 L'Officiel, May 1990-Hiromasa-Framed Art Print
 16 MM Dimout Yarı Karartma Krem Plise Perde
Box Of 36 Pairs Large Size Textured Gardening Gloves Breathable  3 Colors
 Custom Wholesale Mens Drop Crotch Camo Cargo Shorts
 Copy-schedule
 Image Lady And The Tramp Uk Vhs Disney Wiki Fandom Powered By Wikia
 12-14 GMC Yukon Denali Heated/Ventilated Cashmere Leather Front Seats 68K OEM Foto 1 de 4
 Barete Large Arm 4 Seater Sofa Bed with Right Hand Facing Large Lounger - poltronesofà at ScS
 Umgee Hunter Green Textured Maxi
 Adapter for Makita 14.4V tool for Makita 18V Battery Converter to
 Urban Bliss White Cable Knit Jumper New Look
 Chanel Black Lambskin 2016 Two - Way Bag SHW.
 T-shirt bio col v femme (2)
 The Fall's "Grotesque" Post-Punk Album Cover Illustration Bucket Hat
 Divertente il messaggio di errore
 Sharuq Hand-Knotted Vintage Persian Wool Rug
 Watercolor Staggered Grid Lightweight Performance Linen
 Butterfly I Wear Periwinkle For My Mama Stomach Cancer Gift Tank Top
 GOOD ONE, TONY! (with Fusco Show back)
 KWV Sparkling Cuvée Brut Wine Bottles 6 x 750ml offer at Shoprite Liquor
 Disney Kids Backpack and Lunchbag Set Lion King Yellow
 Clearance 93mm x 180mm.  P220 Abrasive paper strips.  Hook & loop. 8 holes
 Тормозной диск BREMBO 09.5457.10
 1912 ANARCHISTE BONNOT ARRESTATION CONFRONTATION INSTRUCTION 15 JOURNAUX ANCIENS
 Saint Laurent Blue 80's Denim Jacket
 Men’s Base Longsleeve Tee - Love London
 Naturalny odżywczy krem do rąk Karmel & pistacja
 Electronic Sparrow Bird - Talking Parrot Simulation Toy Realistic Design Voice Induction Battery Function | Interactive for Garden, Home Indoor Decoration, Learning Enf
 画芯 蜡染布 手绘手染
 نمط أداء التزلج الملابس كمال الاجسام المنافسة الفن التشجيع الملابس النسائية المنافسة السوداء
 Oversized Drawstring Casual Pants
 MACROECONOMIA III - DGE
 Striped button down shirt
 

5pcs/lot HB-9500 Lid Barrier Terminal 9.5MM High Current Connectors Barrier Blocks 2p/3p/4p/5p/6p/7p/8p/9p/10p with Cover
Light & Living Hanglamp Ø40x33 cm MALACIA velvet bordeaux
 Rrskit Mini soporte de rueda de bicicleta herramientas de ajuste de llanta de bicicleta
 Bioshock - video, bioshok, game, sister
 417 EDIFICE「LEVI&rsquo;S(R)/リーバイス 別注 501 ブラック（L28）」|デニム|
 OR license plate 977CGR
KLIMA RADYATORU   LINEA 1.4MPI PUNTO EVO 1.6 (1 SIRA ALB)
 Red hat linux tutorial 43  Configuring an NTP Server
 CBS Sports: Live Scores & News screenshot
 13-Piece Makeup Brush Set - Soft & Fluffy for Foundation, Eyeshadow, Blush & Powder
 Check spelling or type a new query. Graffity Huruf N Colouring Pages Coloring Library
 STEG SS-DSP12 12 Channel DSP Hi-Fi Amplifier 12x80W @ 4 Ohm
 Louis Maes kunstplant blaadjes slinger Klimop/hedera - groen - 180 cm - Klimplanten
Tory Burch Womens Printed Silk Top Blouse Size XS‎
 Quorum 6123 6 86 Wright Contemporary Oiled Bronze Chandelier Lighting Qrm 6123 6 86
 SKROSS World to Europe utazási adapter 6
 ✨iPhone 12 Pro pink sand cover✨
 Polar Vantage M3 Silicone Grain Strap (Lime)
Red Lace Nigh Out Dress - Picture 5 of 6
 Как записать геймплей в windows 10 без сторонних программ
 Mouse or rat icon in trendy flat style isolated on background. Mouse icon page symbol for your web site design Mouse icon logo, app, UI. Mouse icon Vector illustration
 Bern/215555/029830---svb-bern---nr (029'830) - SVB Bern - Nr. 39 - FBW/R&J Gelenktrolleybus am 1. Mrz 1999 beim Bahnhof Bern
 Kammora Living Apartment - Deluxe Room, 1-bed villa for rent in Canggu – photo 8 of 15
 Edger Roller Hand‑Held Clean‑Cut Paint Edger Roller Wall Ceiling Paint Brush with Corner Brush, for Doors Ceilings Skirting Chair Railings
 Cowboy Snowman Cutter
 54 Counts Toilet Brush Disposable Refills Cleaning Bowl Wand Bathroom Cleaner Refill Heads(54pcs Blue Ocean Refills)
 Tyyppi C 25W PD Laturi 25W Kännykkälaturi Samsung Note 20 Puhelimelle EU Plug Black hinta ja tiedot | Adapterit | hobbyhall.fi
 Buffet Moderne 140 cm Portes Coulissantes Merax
-------
Task details -
Take the lines from the first line of the listing up to and including the line with "Image Lady And" and give them again exactly.

Written solution -
 L'Officiel, May 1990-Hiromasa-Framed Art Print
 16 MM Dimout Yarı Karartma Krem Plise Perde
Box Of 36 Pairs Large Size Textured Gardening Gloves Breathable  3 Colors
 Custom Wholesale Mens Drop Crotch Camo Cargo Shorts
 Copy-schedule
 Image Lady And The Tramp Uk Vhs Disney Wiki Fandom Powered By Wikia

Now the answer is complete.